Publie le venerdì 28 maggio 2004 par Open-Publishing

ROSSANA ROSSANDA

Che Bush cerchi di uscire dal sanguinoso pantano in Iraq salvando faccia e petrolio, è evidente.
Che punti a una copertura anche retroattiva dell’Onu è altrettanto chiaro, ma che la bozza
presentata all’Onu da Usa e Gran Bretagna possa essere rimandata ai mittenti senza discuterne, mi pare
difficile.

E non solo perché essa ha un suono un po’ diverso dal discorso del presidente americano
che l’ha accompagnata, ma perché essa segnala anche difficoltà reali della situazione in cui è stato
cacciato quel disgraziato paese. Si può dire a Bush: chi rompe paga e i cocci sono suoi? Non tutti
i cocci sono permutabili in denaro e irreparabili, ma soprattutto i cocci dell’Iraq se li terrebbe
volentieri e sarebbe ancora in grado di farlo sia pure rischiando un alto prezzo, e possono
diventare ancora più gravi.

Bisogna rifletterci. La mozione a nostro avviso va discussa a fondo. In
primo luogo perché non c’è, né materialmente né politicamente una forza dell’Onu in grado di intimare
agli Stati uniti e alla Gran Bretagna di ritirarsi subito, sostituendola con una forza propria di
interposizione, della quale non facciano parte gli eserciti occupanti. Sarebbe in assoluto il
meglio, ma non ce ne sono le condizioni. Il consiglio di sicurezza è in grado invece di trattare con
posizioni e comando delle forze in Iraq, controbattendo la volontà americana di non farsi dirigere
e limitare da nessuno.

In secondo luogo una fase di transizione appare necessaria, perché fra Saddam, la guerra con
l’Iran per conto degli Usa, l’embargo e infine l’aggressione del 2003, quel paese, già diviso fra etnie
e confessioni religiose è stato capace di resistenza ma non ha una piattaforma coesa per il
domani. Diciamo deliberatamente resistenza: piaccia o non piaccia questo è stata la reazione inattesa al
più potente esercito del mondo anche se vi hanno agito molteplici spinte fra le quali un
terrorismo del quale non sappiamo quasi nulla, salvo che si tratta di un metodo tremendo usato non da un
solo soggetto, ma da più d’uno e con fini e motivazioni.

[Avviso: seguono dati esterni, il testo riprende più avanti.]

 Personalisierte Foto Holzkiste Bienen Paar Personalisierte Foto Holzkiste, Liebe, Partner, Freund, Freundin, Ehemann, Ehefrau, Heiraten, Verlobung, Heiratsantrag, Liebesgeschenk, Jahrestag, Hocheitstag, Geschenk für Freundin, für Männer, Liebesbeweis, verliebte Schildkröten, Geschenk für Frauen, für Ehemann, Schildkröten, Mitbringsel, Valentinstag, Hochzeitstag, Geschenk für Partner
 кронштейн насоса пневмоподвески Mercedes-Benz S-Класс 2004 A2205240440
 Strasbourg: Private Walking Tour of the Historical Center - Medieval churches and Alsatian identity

Si tratta dunque di dar vita a un governo interinario, che non sia la copia del governo fantoccio
già tentato; non è facile per Lakhdar Brahimi indicare chi può essere accettato da una grande
maggioranza del paese come almeno transitoriamente credibile. E non lo sarà se non avrà il potere di
opporsi alle azioni militari non di interposizione e di fissare una data per il ritiro degli
occupanti.

In terzo luogo si tratta di restituire agli iracheni il petrolio che dalle mani di Saddam è
passato in quelle americane, bottino che da un pezzo è negli interessi privati di Dick Cheney. Non
dubitiamo che sarà uno dei punti più difficili da ottenere. Ma deve essere condizione sine qua non per
una qualsiasi cauzione delle Nazioni unite. Tutto questo è meno di un ritiro americano
incondizionato come fu quello dal Vietnam. Ma allora le condizioni di forza su scala mondiale erano diverse,
il Vietnam non era l’Iraq e aveva alle spalle l’Urss e la Cina. E non di meno quella pace è stata
vinta meno della guerra.

Oggi gli Stati uniti sono la sola superpotenza nel mondo, in difficoltà
all’interno per le perdite subite e internazionalmente per avere sperimentato come l’unilateralismo
sia più facile da dichiarare che da praticare. Non siamo più nel 2001/2002. Quando - ha ragione
Asor Rosa sull’Unità di martedì - non occorreva essere grandi profeti per capire quel che si stava
preparando. La responsabilità dell’occidente, Europa inclusa, è di aver finto di ignorare la
dottrina della New strategy che dichiarava gli Stati uniti svincolati da ogni legge e diritto
internazionale e di averli accompagnati con fanfare nell’impresa afghana, non meno ingloriosa e anch’essa
irrisolta. E perciò non riuscendo a impedire quella irachena.

La complicità e le omissioni dell’Occidente sono state grandi. E non soltanto da ieri. Sarà anche
un loro frutto se le elezioni del 2005 porteranno a una repubblica islamica, prodotto di due tesi
delittuosamente stupide, quella di Huntington sull’inevitabile scontro di civiltà e quella sulle
«esportazioni» della democrazia con le armi. Davanti al Medio oriente non possiamo che coprirci il
volto con vergogna anche per quel che lo abbiamo indotto a diventare. La sinistra, dal blando
Kerry ai nostri riformisti, non ha certo peccato di troppo coraggio. Cerchi di non perdere anche
questa, se non entusiasmante, seria occasione.